Naturally, all is not what it seems, and the bank account gets emptied, presumably by the 'reader' having a built-in network card that sends the data to the fraudsters.

Then there is the "I've changed my bank account" email, so that the victim sends the money owed to his/her builder to the fraudsters' own account, which is quickly emptied and closed.

Similar things have happened in house purchases, where the conveyancing firm's email is hacked, so that the house purchase money goes to fraudsters instead of the solicitor.

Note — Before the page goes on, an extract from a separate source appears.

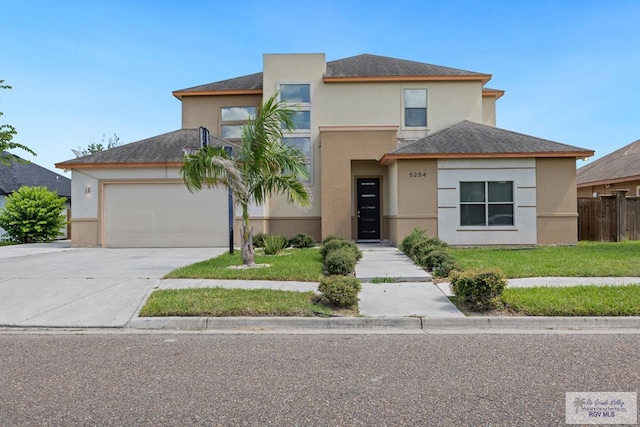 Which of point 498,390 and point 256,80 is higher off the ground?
point 256,80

Always worth checking with the real people precisely what the current position is before sending off money! (What are the odds, really, of a bank account being changed just at that moment? Slim!!)


Not slim enough!

I thought I was immune to scams but got caught out.

My credit card provider swapped me to another card which was infuriating for all the obvious reasons. About a week later, I got an email from a scammer disguised as Netflix saying that I needed to update my details as my card had been refused. It made perfect sense as I had a new card number. I was busy at the time so quickly gave them my new card number, expiry date and security code, nothing more than you're usually asked for. Low and behold, I was called by the credit card provider soon after as they suspected fraud on my card - which is exactly what had happened.

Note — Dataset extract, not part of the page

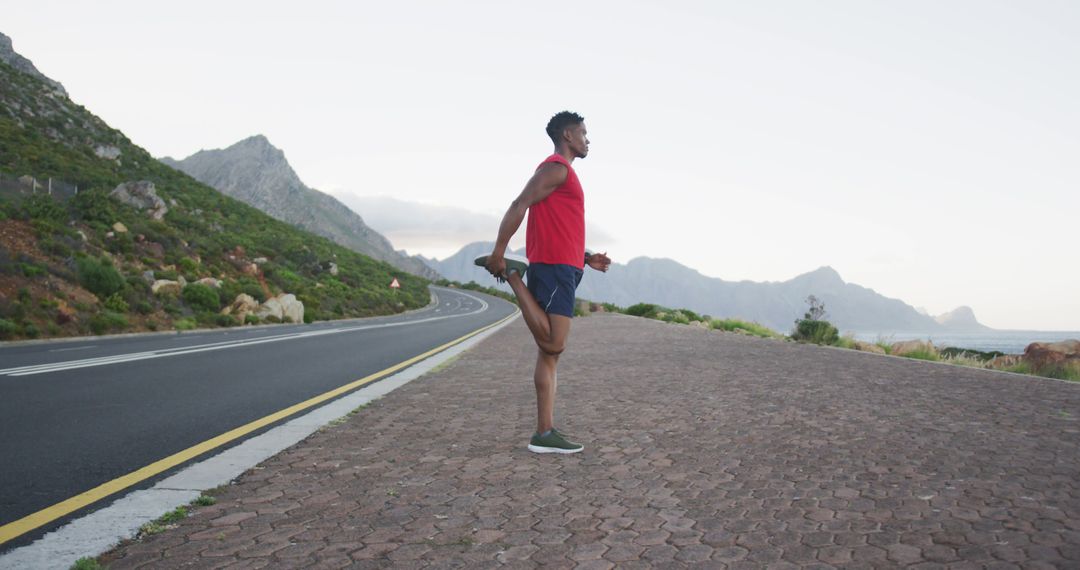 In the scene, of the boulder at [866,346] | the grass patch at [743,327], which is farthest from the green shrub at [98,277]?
the boulder at [866,346]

The email and fake website were very good copies but what I didn't check was the website address, a quick glance would've told me something was amiss.

At the very least, I always check the website address before I enter details, if nothing else it should start with https as opposed to the usual http.

This caught me out by pure chance, the timing from the scammers perspective wasn't luck - they'd probably have sent millions of emails and chances are that that someone's circumstances would've been perfect for lowering their guard. It's the opposite of winning the lottery, unlikely but it could be you.

Luckily, my losses were refunded, but I'm taking no chances from now on, no matter how busy I am.
4 users thanked Tyrion Lannister for this post.
Mickey on 11/10/2017(UTC), Darrener2 on 11/10/2017(UTC), Tim D on 11/10/2017(UTC), B B on 07/11/2017(UTC)
Micawber
Posted: 11 October 2017 08:59:36(UTC)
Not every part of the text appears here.